I was browsing about El DeBarge in Wikipedia. Ha ha ha I just got a new track from an officemate...in a related note, I also found out that Aztec Camera,a band from the 80's when blue button down shirts & pink undershirts were the style of that time did a somewhat lighthearted rendition of Jump which was a Van Halen original. It was refreshing to hear a more light hearted tone and I just can't stop playing it in my head.

I also happened to chance upon the wikipedia entry for The Doors and found out that Jim Morrison's grave is located in Paris. I posted an interesting Greek saying here. (Link pending till I get my new blog up)

The same saying led me to another interesting blog made by Tony Powell. Interesting stuff if I may say so.

I'm a the coffee bean & tea leaf right now writing this since I am in no hurry to get home.

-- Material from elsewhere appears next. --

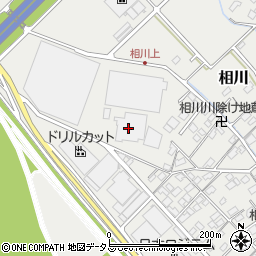 株式会社ヤマシタ　工場現場事務所周辺の地図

Just a few minutes alone with my thoughts....

Saturday, July 19, 2008

Blog Comments

An acquaintance chanced upon my blog and asked why I referred to my best girl as mine. It seemed pretty selfish she said. True enough I thought that Erin is mine but it's even blatantly true that I should mention Erin as OUR daughter.

I'd like to be fair to the mother, I thought. Even if we don't speak much anymore she still is part of something special & it physically exists.

Come to think of it I do miss Erin. I haven't seen her for quite sometime. I'm glad my half-day got approved even if I can't file it as paid which for some strange reason I still don't understand. I think I should talk to our Operations Manager and check with him.

Frankly, I guess for political reasons but that's too much assumption.

I'll look up Erin next week even if I don't take her out. I'm scrimping on cash right now and trying to make the odds & ends of this energy crisis.

It sickens me to know that we still rely on an 80 year old fuel that is slowly causing disruption in the whole social strata. I hope we fast track on renewable energy resource soon. It's just a matter of time...

For how long? I don't know

On to the lighter side of this post, I had a short chat & walk with this really cute girl from the office. Again, she is way taller than me...how frustrating is that? Oh well, I guess this ended not as light as I had hoped.

He he

Tuesday, July 15, 2008

In Debt & A Short Skirt

I've been consistently watching How I met your mother...Robin wears lots of skirts...i love girls in skirts, they're sexy

I'm in debt by the way not that much but still in debt. Blame it on credit cards....don't use them for small purchases. It's like sticking needles slowly on your spine. It'll hurt a bit only but a lot of it may soon hit a nerve and just paralyze you.